La décision prise et pour les enfants, c’était acquis ; dès 2012 ils ont commencé les préparatifs : la route tout d’abord, laquelle emprunter ? Le guide du pèlerin en trace une depuis ND de Paris qui est fort bien balisée et qu’ils reprendront à Berchères (Eure et Loir) après une première étape à Juziers, saint-Michel oblige ! puis à Septeuil (Yvelines).

Un pèlerin ne doit pas alourdir sa charge et chacun n’a emporté dans son sac que tapis de sol, duvet et un rechange ; on lavera chaussettes et slips chaque soir, ils sècheront dans la nuit puis à l’étape suivante. Damien a aménagé une remorque avec un harnais qu’il endossera tout le long du chemin : c’était assez « physique » ! Elle contenait le strict nécessaire pour Séverin et pour les repas des grands : réchaud, casserole, aliments etc. Assez vite les sacs à dos des plus jeunes y ont trouvé refuge afin de ménager leurs petites jambes. La route : 420 km, pas d’erreur possible car ils avaient pris soin de fixer à la remorque un compteur. Elle fut le plus souvent très bucolique et facilitée par le beau temps ; il n’y eut qu’ une seule crevaison de la remorque qui s’est tout de même embourbée une ou deux fois. Alors joyeusement on la déchargeait pour repartir vers la nouvelle étape qui, si elle était prévue, était inconnue.

Ce qui motivait les enfants, toujours avides de nouveauté, c’était ce qui les attendait chaque soir, qui accueillerait la famille ? Cela soutenait leur ardeur et quand elle flanchait, une petite barre de céréale y remédiait. Les accueils, toujours très chaleureux, furent variés, avec souvent un repas à la clé, soit chez des particuliers dans des locaux prêtés par une commune ou au sein de communautés religieuses. Certains les ont particulièrement marqués ainsi chez ce prêtre âgé qui leur offrit à dîner autour d’un poulet qu’il était allé chercher à la ferme. Plus émouvant encore l’accueil des bénédictines d’Argentan qui leur ont permis de dialoguer au parloir à travers la grille de la clôture. Se sentir attendus, portés par la prière quel réconfort, quelle joie profonde ! « on a touché concrètement le poids de la prière ».

Sans être certains qu’ils iraient au bout de leur aventure mais, étape après étape, de seize à vingt km chacune, coupée d’une bonne pause à midi, en quelques vingt-huit jours, ils sont arrivés au Mont. Chaque matin, ils offraient le chemin qu’ils devaient parcourir : « que chacun de nos pas soit prière ».

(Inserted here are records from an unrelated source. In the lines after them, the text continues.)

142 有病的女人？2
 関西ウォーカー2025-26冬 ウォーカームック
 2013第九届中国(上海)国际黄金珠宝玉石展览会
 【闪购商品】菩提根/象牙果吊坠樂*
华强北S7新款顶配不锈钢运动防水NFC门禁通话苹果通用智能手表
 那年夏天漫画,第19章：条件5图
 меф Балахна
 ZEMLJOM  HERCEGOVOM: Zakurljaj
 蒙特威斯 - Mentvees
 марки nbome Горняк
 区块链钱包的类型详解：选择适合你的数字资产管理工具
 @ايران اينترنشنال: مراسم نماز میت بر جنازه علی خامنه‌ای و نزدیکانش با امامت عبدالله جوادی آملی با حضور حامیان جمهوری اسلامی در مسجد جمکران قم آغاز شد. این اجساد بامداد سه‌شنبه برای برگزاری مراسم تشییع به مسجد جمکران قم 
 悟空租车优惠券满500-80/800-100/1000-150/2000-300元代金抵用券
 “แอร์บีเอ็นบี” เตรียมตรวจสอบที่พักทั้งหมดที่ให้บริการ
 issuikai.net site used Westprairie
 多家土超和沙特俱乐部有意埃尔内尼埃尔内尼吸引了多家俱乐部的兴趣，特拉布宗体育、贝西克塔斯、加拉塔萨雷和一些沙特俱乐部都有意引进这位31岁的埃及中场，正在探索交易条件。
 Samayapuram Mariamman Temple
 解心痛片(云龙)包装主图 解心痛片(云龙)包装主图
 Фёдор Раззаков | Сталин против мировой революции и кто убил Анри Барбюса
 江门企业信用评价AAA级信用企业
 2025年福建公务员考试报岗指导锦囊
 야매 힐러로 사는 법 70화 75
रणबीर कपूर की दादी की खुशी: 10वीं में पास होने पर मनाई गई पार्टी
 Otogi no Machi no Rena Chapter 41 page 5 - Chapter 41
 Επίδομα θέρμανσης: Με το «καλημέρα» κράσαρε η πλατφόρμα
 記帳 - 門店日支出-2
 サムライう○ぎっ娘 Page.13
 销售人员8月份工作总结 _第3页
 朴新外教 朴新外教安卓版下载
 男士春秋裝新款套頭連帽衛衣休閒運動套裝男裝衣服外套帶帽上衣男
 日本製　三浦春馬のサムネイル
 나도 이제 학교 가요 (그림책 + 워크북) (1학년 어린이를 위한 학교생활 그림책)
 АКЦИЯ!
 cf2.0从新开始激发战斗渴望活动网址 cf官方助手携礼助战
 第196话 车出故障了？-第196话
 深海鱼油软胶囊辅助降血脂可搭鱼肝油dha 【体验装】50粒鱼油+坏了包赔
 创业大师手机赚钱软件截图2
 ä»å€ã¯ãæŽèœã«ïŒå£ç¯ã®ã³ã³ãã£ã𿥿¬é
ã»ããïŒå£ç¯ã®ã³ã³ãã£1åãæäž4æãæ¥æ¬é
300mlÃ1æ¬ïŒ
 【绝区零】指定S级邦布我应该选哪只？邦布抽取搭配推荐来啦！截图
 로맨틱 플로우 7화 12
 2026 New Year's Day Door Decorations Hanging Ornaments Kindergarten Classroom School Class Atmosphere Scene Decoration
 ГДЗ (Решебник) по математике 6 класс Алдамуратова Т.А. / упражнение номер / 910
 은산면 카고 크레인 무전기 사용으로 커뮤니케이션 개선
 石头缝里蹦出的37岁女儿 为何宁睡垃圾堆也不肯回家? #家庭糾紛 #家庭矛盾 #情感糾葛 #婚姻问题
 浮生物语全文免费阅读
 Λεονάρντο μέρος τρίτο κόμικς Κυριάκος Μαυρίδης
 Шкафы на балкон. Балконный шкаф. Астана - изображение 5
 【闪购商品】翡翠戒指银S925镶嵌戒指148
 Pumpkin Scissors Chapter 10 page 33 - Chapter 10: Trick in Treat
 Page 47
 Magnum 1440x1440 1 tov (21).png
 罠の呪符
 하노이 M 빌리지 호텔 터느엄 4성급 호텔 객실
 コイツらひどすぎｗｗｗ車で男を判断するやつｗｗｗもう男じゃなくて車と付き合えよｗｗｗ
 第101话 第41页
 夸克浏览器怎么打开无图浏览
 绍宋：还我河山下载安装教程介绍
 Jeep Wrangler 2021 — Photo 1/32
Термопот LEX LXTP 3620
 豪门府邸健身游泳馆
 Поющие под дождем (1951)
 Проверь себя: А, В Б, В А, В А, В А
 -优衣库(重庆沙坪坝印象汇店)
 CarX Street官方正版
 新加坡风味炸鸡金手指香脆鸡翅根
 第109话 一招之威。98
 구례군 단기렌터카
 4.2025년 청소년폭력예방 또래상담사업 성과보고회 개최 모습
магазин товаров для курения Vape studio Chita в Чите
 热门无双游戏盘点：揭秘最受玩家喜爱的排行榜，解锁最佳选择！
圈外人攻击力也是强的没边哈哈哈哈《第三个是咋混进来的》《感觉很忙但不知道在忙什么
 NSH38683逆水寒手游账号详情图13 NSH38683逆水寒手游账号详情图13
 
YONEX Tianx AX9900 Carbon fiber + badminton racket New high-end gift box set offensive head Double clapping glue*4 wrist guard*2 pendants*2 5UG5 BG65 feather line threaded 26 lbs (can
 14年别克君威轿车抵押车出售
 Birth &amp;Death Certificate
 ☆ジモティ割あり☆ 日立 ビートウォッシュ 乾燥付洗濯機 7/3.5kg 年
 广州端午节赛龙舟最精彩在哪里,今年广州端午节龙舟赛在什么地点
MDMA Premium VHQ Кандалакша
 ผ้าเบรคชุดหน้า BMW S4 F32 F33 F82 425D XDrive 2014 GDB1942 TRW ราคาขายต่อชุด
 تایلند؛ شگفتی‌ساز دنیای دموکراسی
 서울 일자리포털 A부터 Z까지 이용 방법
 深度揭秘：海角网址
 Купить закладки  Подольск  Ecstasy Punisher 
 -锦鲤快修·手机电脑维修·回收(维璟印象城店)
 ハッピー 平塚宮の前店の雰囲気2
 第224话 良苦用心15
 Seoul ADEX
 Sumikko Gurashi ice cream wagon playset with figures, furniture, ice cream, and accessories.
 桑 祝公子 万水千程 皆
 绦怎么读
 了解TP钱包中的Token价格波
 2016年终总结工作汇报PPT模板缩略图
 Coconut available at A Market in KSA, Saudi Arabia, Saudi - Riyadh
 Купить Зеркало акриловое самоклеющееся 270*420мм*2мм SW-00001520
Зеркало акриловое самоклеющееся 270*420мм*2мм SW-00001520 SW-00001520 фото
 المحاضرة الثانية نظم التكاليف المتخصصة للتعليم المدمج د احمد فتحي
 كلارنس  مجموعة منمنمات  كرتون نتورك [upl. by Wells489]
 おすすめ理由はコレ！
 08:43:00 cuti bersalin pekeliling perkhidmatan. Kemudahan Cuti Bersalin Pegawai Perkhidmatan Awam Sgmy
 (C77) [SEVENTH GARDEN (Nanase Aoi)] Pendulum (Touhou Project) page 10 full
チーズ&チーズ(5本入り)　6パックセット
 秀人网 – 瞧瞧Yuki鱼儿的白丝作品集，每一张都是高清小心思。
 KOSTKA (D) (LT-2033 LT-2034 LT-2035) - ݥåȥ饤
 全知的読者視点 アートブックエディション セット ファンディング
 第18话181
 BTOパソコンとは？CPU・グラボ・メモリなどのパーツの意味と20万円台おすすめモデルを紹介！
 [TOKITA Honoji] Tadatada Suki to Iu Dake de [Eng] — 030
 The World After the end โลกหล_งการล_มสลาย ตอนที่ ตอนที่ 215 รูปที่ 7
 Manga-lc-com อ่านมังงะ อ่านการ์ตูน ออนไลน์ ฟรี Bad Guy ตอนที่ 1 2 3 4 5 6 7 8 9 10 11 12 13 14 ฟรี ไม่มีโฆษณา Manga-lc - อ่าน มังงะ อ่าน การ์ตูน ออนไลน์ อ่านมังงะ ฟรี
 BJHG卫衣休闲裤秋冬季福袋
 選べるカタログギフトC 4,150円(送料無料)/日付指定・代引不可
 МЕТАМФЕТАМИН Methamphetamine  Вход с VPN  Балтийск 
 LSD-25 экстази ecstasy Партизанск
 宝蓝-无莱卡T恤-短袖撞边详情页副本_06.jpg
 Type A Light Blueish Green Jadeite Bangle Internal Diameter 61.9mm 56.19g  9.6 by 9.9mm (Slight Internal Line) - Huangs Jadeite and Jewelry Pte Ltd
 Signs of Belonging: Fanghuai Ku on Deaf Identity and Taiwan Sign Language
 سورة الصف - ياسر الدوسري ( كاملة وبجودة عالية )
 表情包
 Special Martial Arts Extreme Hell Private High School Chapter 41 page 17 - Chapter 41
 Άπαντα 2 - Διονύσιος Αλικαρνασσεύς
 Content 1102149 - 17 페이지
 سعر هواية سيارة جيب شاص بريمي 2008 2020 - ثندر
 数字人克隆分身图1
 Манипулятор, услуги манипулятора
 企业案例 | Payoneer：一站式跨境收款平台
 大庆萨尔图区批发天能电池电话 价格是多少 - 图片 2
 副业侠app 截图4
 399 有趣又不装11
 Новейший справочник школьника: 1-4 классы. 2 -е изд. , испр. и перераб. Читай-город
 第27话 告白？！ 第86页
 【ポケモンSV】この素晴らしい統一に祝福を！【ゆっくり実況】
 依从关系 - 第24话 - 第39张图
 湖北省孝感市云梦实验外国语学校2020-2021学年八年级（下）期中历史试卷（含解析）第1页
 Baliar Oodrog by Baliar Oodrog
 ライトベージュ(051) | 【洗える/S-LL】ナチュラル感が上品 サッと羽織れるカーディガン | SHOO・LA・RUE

Un guide les attendait pour la traversée de la baie, étape spirituelle sur le thème des trois sacrements de l’initiation chrétienne : baptême, eucharistie, confirmation. Puis ce fut l’abbaye, joie de la découverte pour les enfants, messe d’action de grâce, et privilège d’une nuit passée au cœur même du Mont, sous la protection de l’Archange.

En faisant un rapide bilan, Cécile avouait que les trois premiers jours avaient été difficiles, très fatigants surtout pour elle qui portait le bébé, mais qu’après ce rodage et hormis un pic de grosse chaleur, tout s’était très bien passé, «  la Providence ne nous a pas quittés, c’est fou la force de la prière ! » et d’ajouter «  tout au long du chemin, on chantait parfois, on jouait, quelle imagination ont les enfants !  Nous sommes tous revenus en pleine forme, la vie au grand air y est sans doute pour quelque chose. La vraie joie ce fut d’être tous ensemble et heureux d’avoir été au bout ».

Et aujourd’hui ? « Bien sûr les enfant en parlent, mais ils n’ont pas l’impression d’avoir fait quelque chose d’extraordinaire. Cela n’a rien changé à notre quotidien, mais cela change tout ! On sait qu’on peut entreprendre et compter les uns sur les autres ».